I have never had this kind of problems, but I am usual careful when plugging and unplugging small connectors.

Micro usb is the usb connector that has the longest life (most mating cycles).

That would give heat problems and in my opinion a single channel is to little for AA(A) batteries.

Why would it cause heat problems?

Single channel would be perfect for me. Zebralight H52. It'd be nice to carry both battery types and have one charger work for both.

It’s not the connector that is the problem…it is the physical mounting of the connector on the PCB inside the charger that is the problem


This is the type of USB connector on the Miller Version 6, it’s a surface mount but has the thru hole feet, as you see they hang thru the board and are soldered in the board, MUCH stronger than the below


This is a SMD surface mount, notice the feet go out away (like wings rather than claws), they are soldered to pads on the board, as we know solder on chromed metal doesn’t stick all that well…thus a good tug lifts the feet, pulling the teeny pins usually breaking them…which means kaput charger

Externally they look the exact same…until you see the board, you don’t know if you have the stronger USB Micro connection or not…some USB micro connectors only have one foot to solder down, most of the USB Mini have two

Problems may be to strong a word, but instead of having 0.7 watt of heat it will have 1.4 watt of heat to get rid of, due to the lower voltage on the battery.
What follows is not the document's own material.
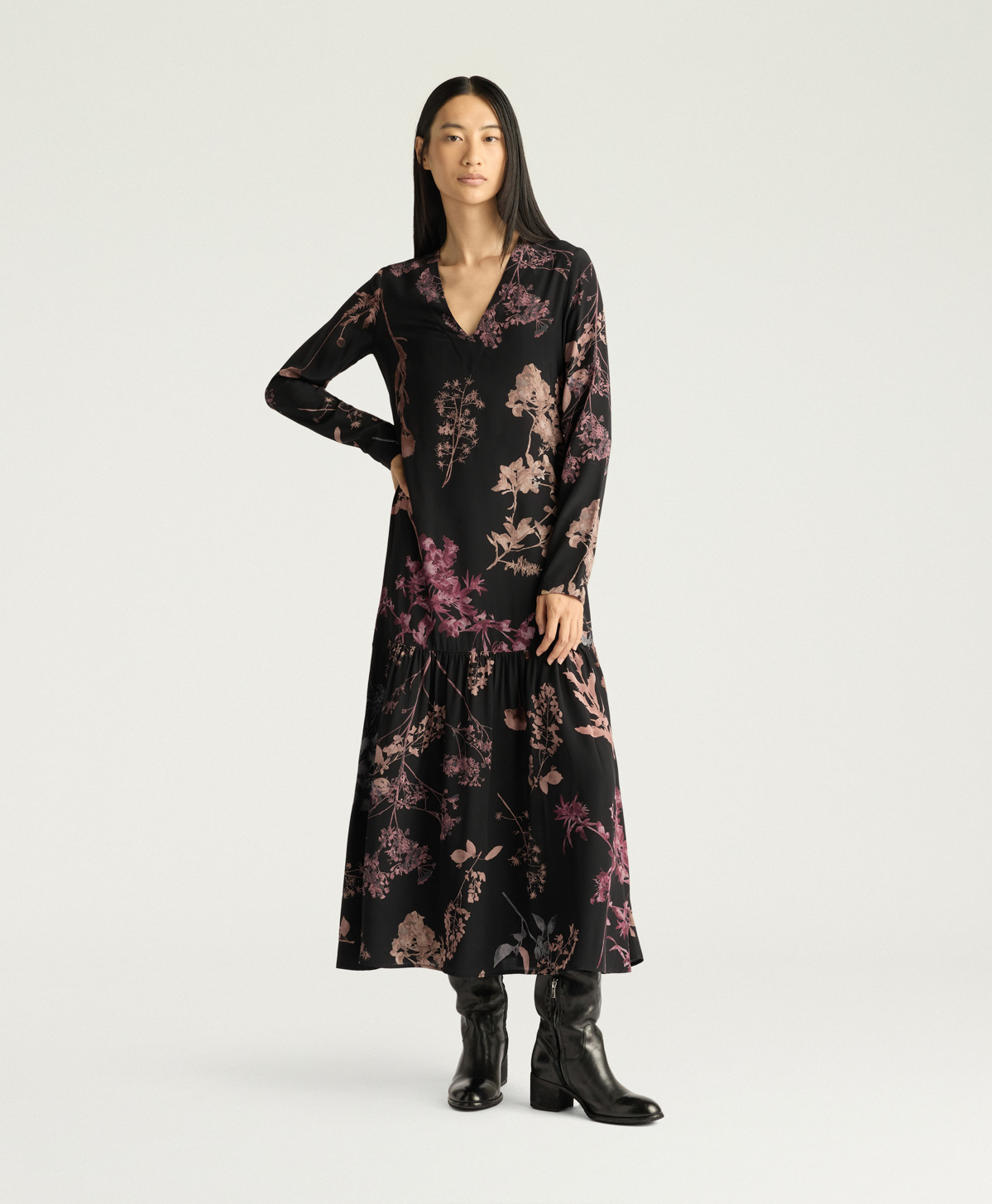 SCARLETT DRESS IN PRINTED CREPE DE CHINE - BLACK MULTICOLOR - Momonì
I was thinking of getting a few as gift chargers, but my only concern is if this charger has reverse battery protection?

Thanks for the review.

Edit, just found the data sheet, it looks like it does. I think I answered my own question.

Yup…put the battery in backwards the charging LED goes out…ask me how I know :wink:

The Xtar MC1 seems like an excellent choice for a car, cigarette lighter, usb adapter, since it sounds like it handles fluctuations.

Am I correct, and if so, running or not running the car should make no difference?

They charge great…500mA but charge VERY good…and are teeny tiny

Being without a microcontroller it handles fluctuations easy, i.e. solar panel or car ought to work well.

But it can probably not handle spikes from the electric supply, the 12V -> 5V adapter must handle that.

The car charger is an authentic AT&T Micro-USB Car Charger with USB Port 2Amp, so I guess that it would handle the spikes?

I just realized that my small Rosewill inverter has a USB 1Amp port, so it would probably handle spikes better than the above. Rosewill 150W Can Sized Silent Car Inverter with 1Amp USB Port RCP-E150C - Newegg.com

well it only is sooo slow, takes 10h to get a 2600 mah protected eagletac battery from 3.6 to 4.2
(yes indeed 10+ hours!)

Are you sure? Should be around 6 hrs.